For problem solving, the most valuable preparation is exposure to logic puzzles, constraint problems, and lateral thinking exercises, not as test practice but as genuine intellectual engagement. Sudoku, KenKen, river-crossing puzzles, and similar problems all develop the structured deductive reasoning that the Thinking Skills section rewards. The student who finds these puzzles genuinely interesting and works through them regularly is developing the right capacity; the one who works through them reluctantly as test preparation is getting significantly less benefit.

Read every word, and only the words given

A recurring source of errors in Thinking Skills questions is either missing a critical word in the problem statement or importing an assumption that is not stated. Both errors produce confident wrong answers: the first because the student has solved a slightly different problem from the one asked; the second because the student has reasoned from premises that are not actually available.

The discipline of reading slowly and completely, especially under time pressure, when the instinct is to skim, is one of the highest-leverage habits for this section. A student who reads a problem statement once and answers is more likely to miss a qualifier ("some", "all", "only", "never") that changes the correct answer entirely. A student who reads carefully, identifies every constraint, and answers only from what is explicitly given will make fewer of these errors regardless of how difficult the content of the question is.

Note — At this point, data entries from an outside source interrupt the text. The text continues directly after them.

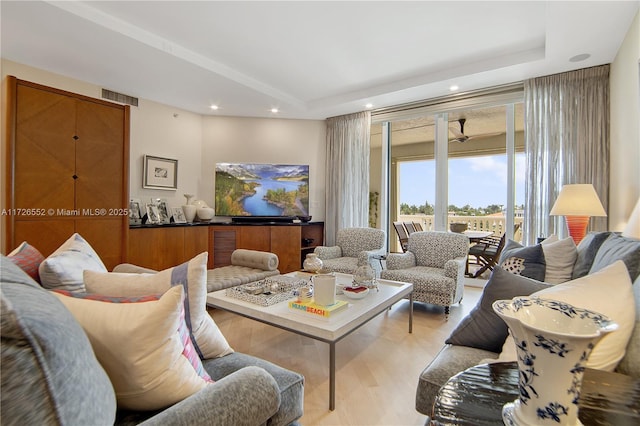 living room featuring light hardwood / wood-style floors and a raised ceiling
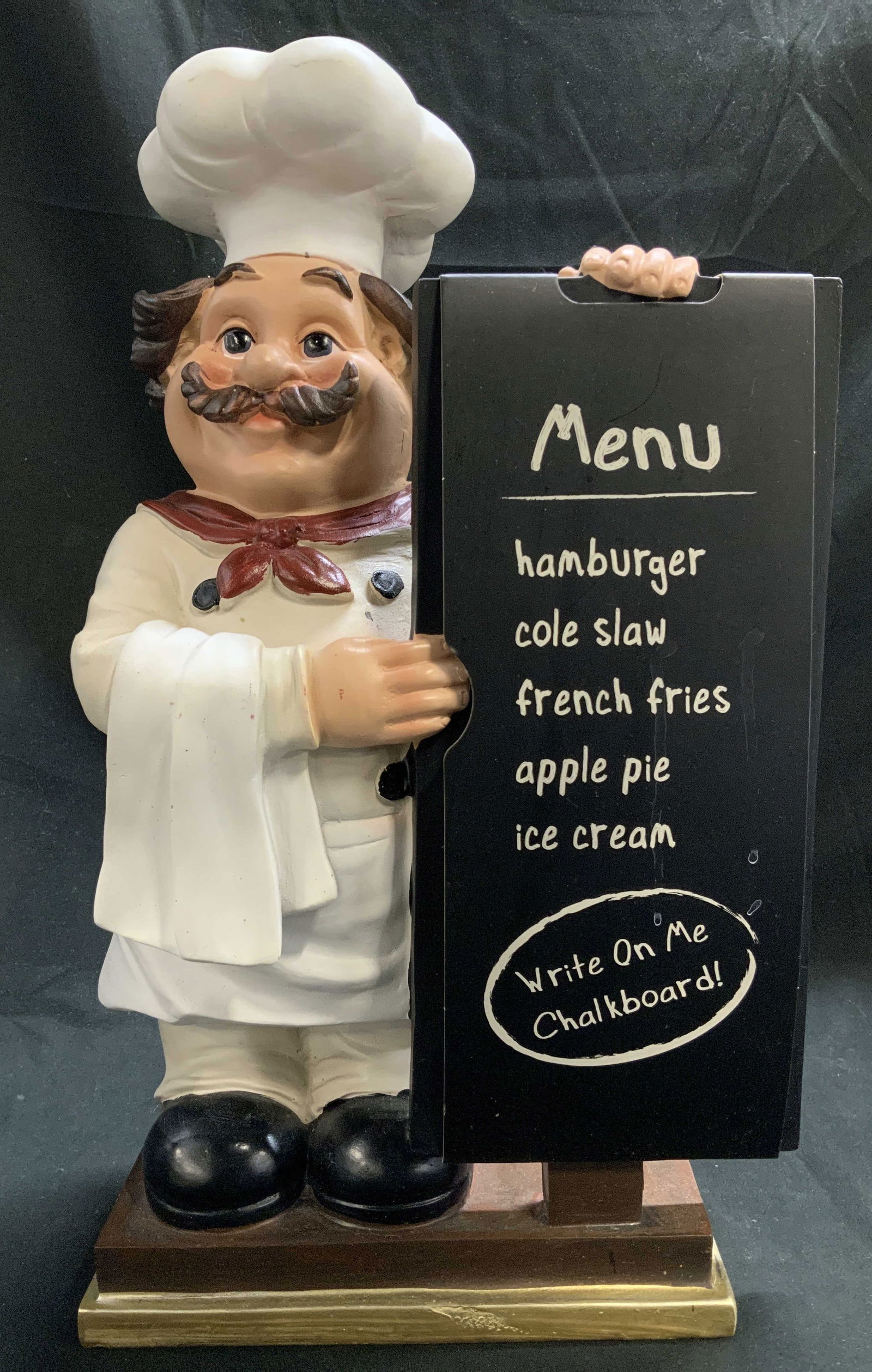 Mainstays Tabletop Chef Fig W Chalkboard: Mainstays tabletop chef figurine holding a chalkboard. Shades of white, brown, red & black. Appears to be resin material. Signed & marked on underside. Reads, MAIN STAYS. Surface wear consistent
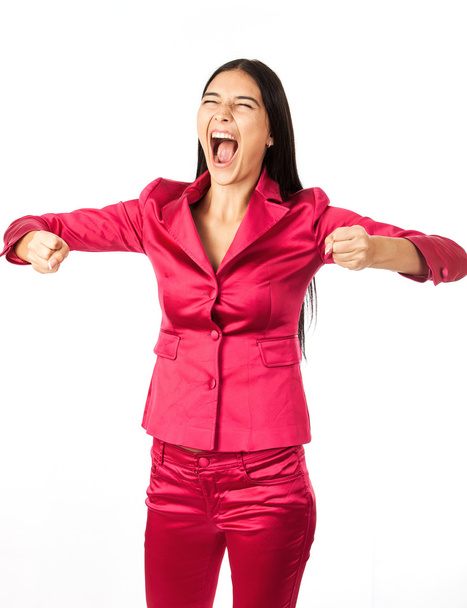 vrolijke jonge vrouw vieren van succes met gebalde vuisten over Wit - Foto, afbeelding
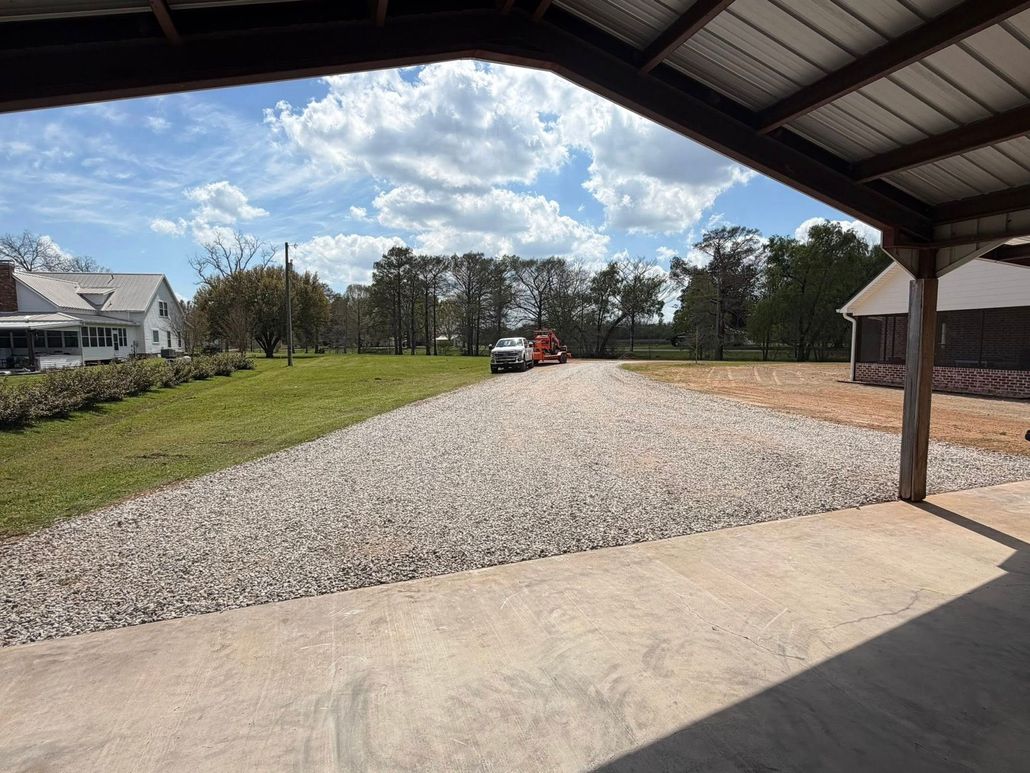 Gravel driveway under a metal carport with a red car in the distance, beside grassy field and houses.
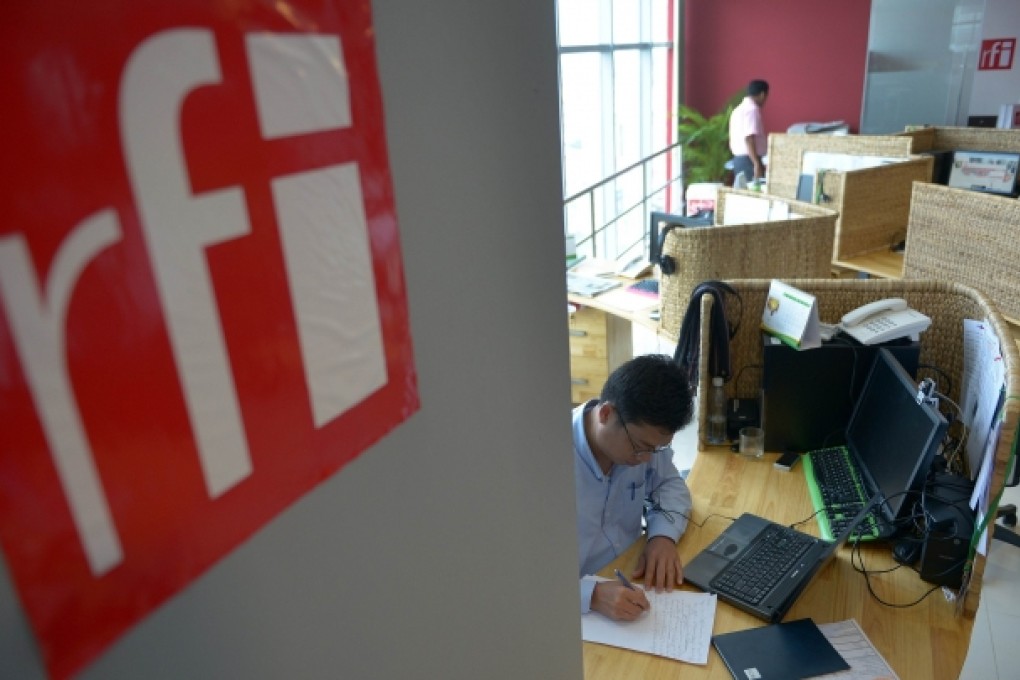 A Cambodian staff of Radio France Internationale (RFI) in Khmer Service, works during the Inauguration of Radio France Internationale (RFI) in Khmer Service station in Phnom Penh. Photo: AFP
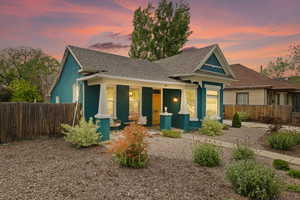 View of front of home with covered porch, and xeriscape front yard
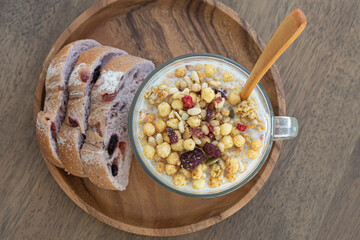Breakfast with cereal in milk and bread.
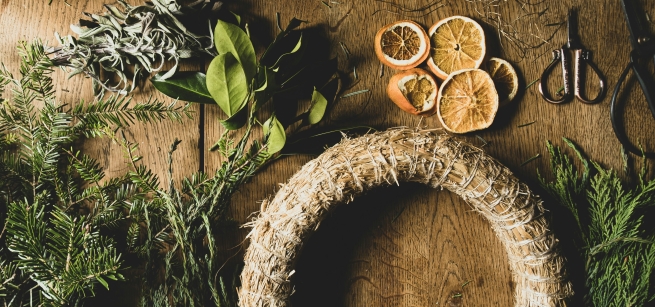 brown wreath green leaves dried orange slices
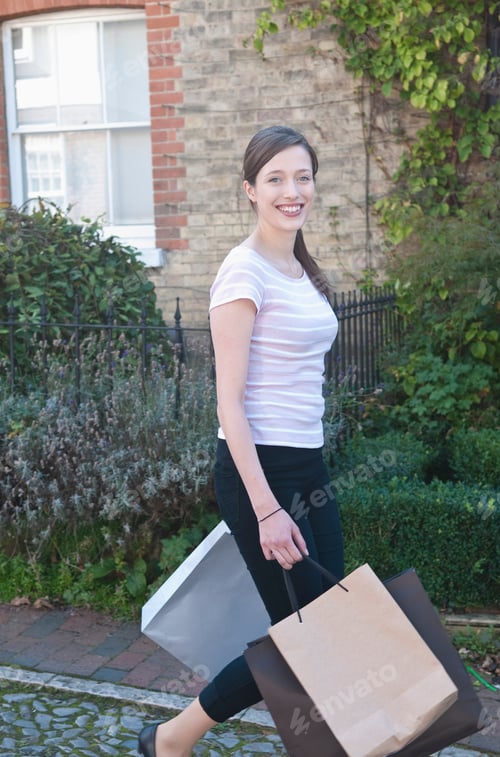Preview: Smiling woman carrying shopping bags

Manage time differently than in other sections

Thinking Skills questions are variable in difficulty in a way that is not always predictable from their length or apparent complexity. A short problem that requires several deductive steps can take longer than a longer passage-based argument question that has a clear structure. Students who allocate time based on question length rather than their own progress will regularly find themselves either rushing through solvable problems or stuck on genuinely difficult ones with no strategy for moving on.

The most effective time management approach is the same as for mathematics: a first pass at speed, answering everything that yields within thirty to forty seconds, followed by deliberate return to the remaining questions in order of apparent tractability. Questions that become clearer on a second reading should be prioritised over ones that remain opaque, a fresh perspective after a minute away from a problem frequently produces the insight that direct engagement did not.

At Shoreline, Thinking Skills preparation is built around a simple observation: the students who do best in this section are the ones who find the problems genuinely interesting. Not the ones who have completed the most practice papers, but the ones who engage with a novel argument or puzzle as an intellectual challenge rather than a test hurdle. Our preparation aims to develop that orientation, to build the habit of approaching an unfamiliar problem with curiosity rather than anxiety. When that habit is in place, the specific question formats the test uses become almost incidental. A student who genuinely enjoys reasoning through difficult problems is already most of the way there.